An obvious yet often overlooked persective on the Guantanamo Bay prison is that of Cuba itself – where the prison is located. Will Cuba ever get Guantanamo Bay back from the United States? And what does Havana do with the $4085 Washington sends it every month to lease the land that the base is on? According to Enrique Milanés León of Cuba’s state-run Juventud Rebelde, ending Washington’s 1903 ‘theft’ of Guantanamo Bay is something that has burned in the hearts of Cubans long before 9-11 and the construction of the notorious U.S. prison.
For Juventud Rebelde, Enrique Milanés León writes in part:
Concertina wire divides Guantanamo. And though the world may believe it is new – it is not. Around 1903, Tomás Estrada Palma, inaugurating a long chapter of theft, leased to the Yankees, at a very reasonable price and in perpetuity, something that wasn’t theirs: The best strip of land in that bay.
Ever since then, the “Americans” have robbed us of our sea, obtaining what has long been thought of as a metaphor of dispossession like those dreamed up in the fertile imagination of [Colombian novelist] Garcia Marquez.

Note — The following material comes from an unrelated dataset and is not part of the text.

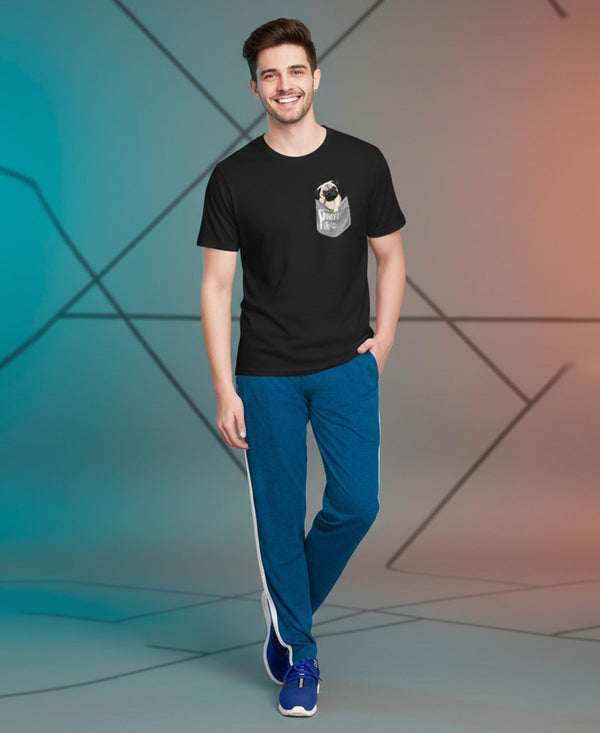 T.T. Men’s Printed Cotton Blend | Graphic Round Neck T-Shirt & Slim Fit Track Pants | Casual Co-ord Set for Men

Much time has passed and it weighs heavily. Yesterday it was ten years since the United States government, with twenty first-time prisoners dressed on bright orange prison garb, established the most expensive prison in the world there. Each detainee the U.S. tortures there costs $800,000 a year. But the number of tears it has resulted in around the world is incalculable.
Every year, Washington sends payment to Havana in compensation for its presence, but Cuba doesn’t cash those $4,085 checks. Dignity cannot be leased. Cuba keeps the checks to display in a museum that doesn’t yet exist: the one that will open right there when the U.S. liberates that section of sun-drenched bay.